— TRY IT —
Given the records underneath, please repeat exactly the lines from the line with "Ground Floor Workspace, 35a" through the line with "Vente Appartement à Colmar 3 pièces", passing over any picture.

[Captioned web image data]
□ □ □ □ □

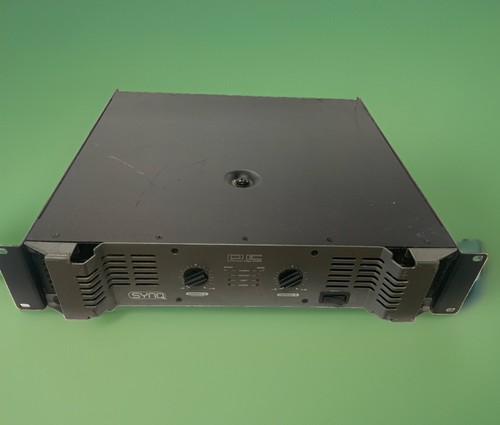 Synq power edge - power, 2400
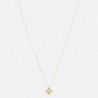 COLLIER ZAG BIJOUX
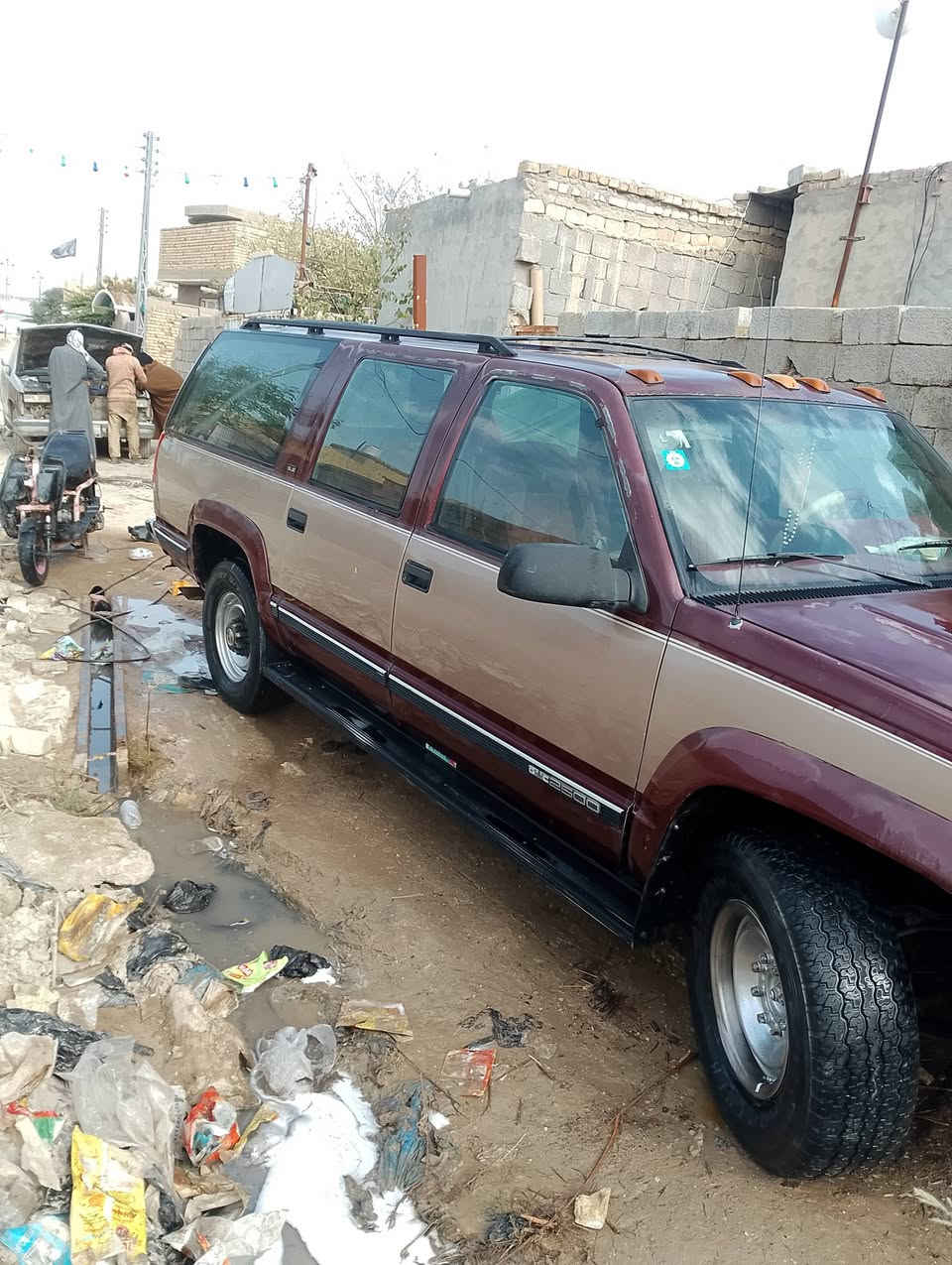 سلام عليكم بهبهان مديل 1994 مكفوله من .. كصه .وضربه .ونقل الجثه . صبغ .او التبديل 
رقم بصره دولي بأسم 

مكينه وكير واكسل شرط 
غرفه جديده من الكويت 
السعر 60 وبيه مجال 
الرقم .. ***********
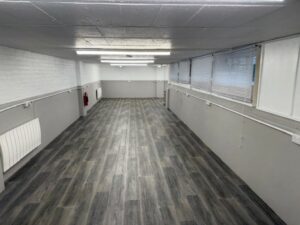 Ground Floor Workspace, 35a Saffron Road, Biggleswade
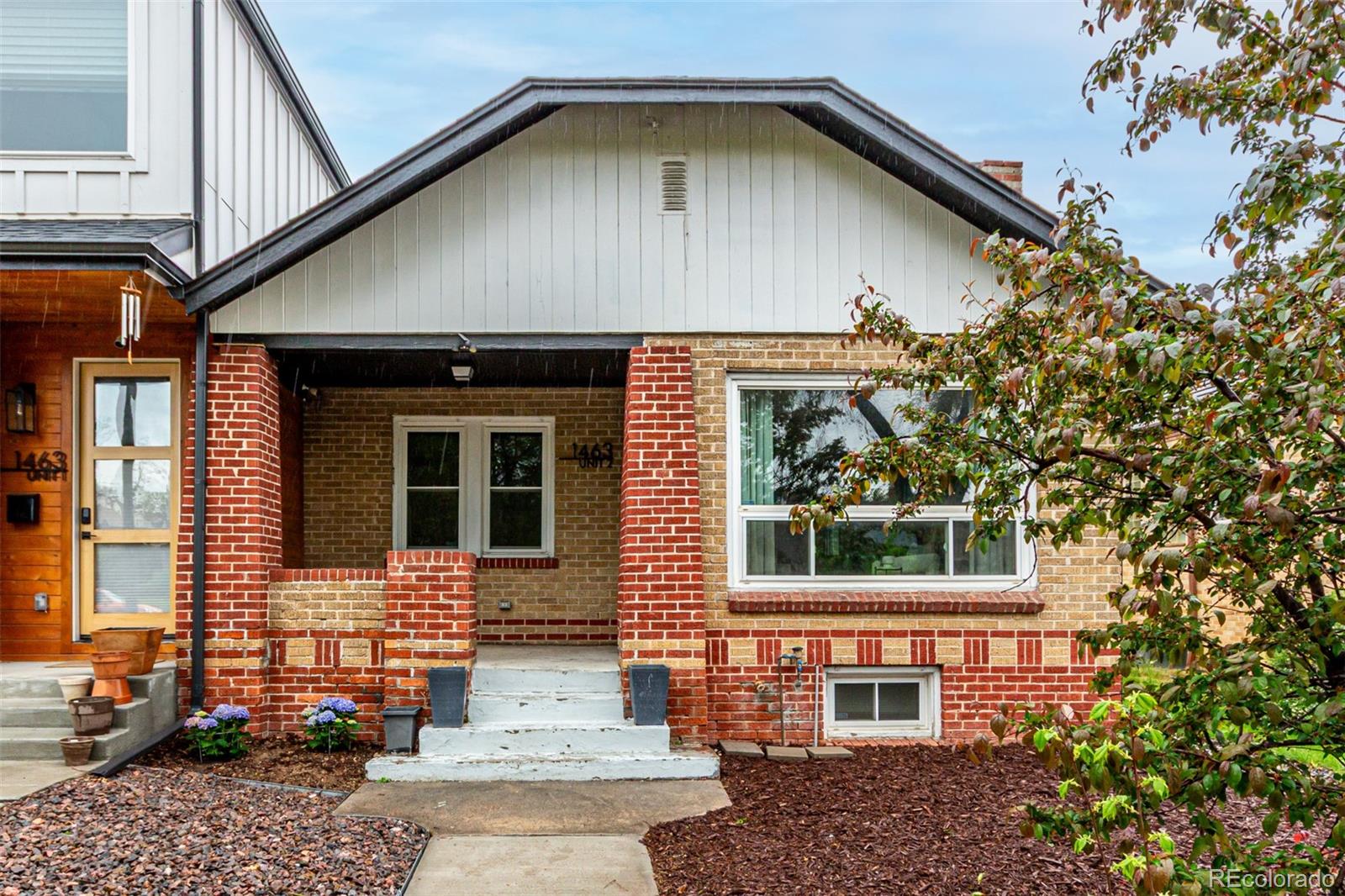 MLS Image #0 for 1463  dahlia street,denver, Colorado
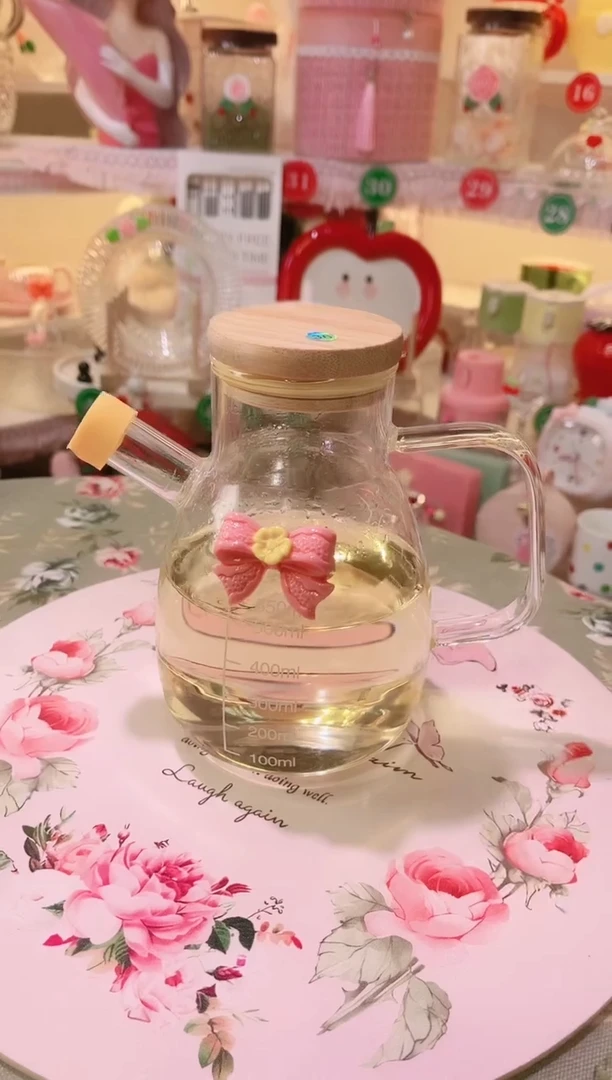 【闪购商品】摆件油壶品质好，发货快，放心拍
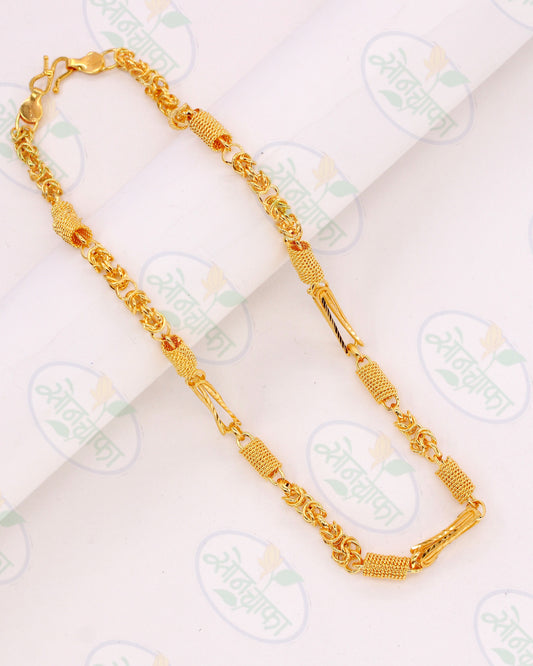 UNIQUE DESIGNER CHAIN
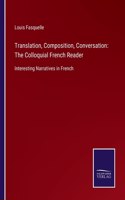 Translation, Composition, Conversation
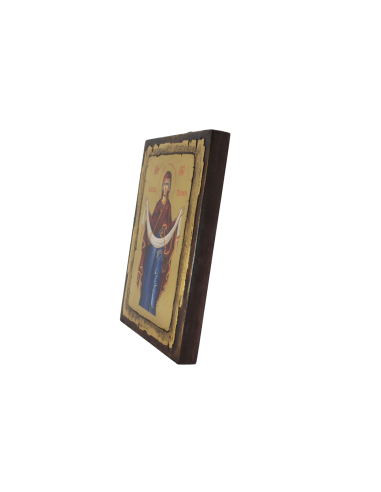 Holy Belt of the Virgin Mary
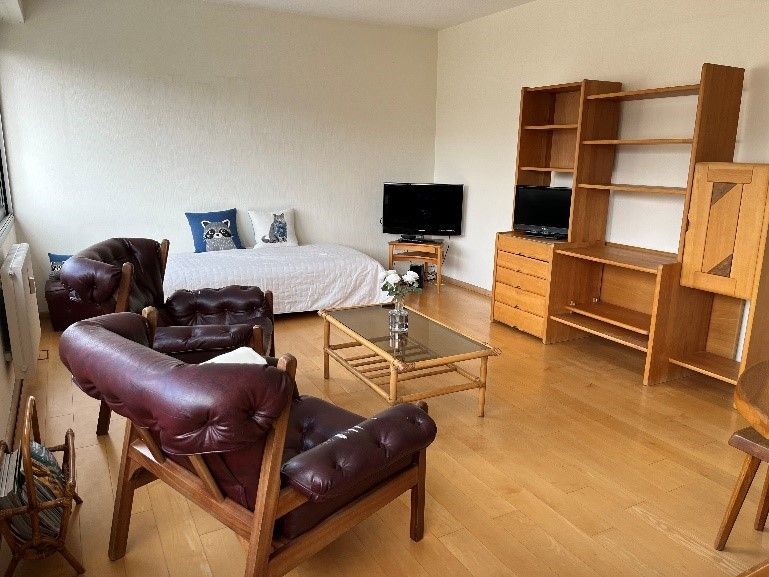 Vente Appartement à Colmar 3 pièces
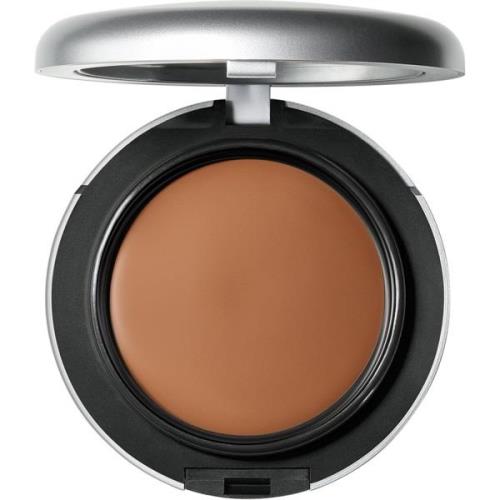 Studio Fix Tech Cream-To-Powder Foundation, 10 g MAC Cosmetics Foundat...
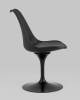 Набор из 2 стульев Stool Group Tulip Y1585 black X2 черный фото 3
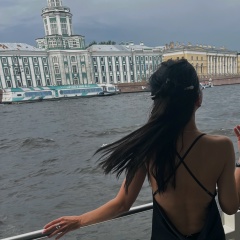 Софья Петровна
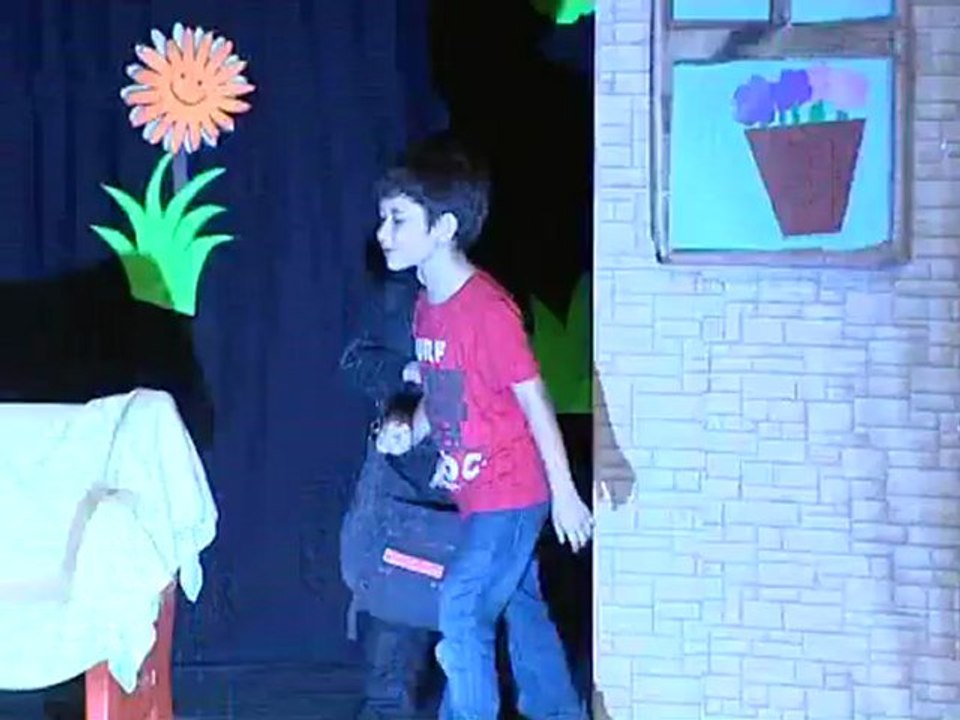 ORKUNOĞLU - OKUMA BAYRAMI - 3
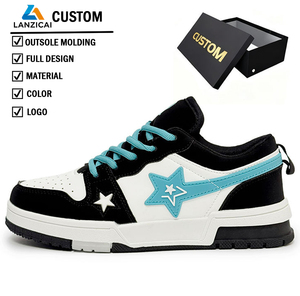 Nuevos Zapatos de Skateboarding de Moda para <span class=keywords><strong>Hombre</strong></span>, Zapatos Casuales Ligeros para <span class=keywords><strong>Hombre</strong></span> y Mujer, Zapatillas de Baloncesto para Mujer, Zapatos Casuales de Diseñador - Product Image 1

□ □ □ □ □

— RESPONSE AREA —
 Ground Floor Workspace, 35a Saffron Road, Biggleswade
 MLS Image #0 for 1463  dahlia street,denver, Colorado
 【闪购商品】摆件油壶品质好，发货快，放心拍
 UNIQUE DESIGNER CHAIN
 Translation, Composition, Conversation
 Holy Belt of the Virgin Mary
 Vente Appartement à Colmar 3 pièces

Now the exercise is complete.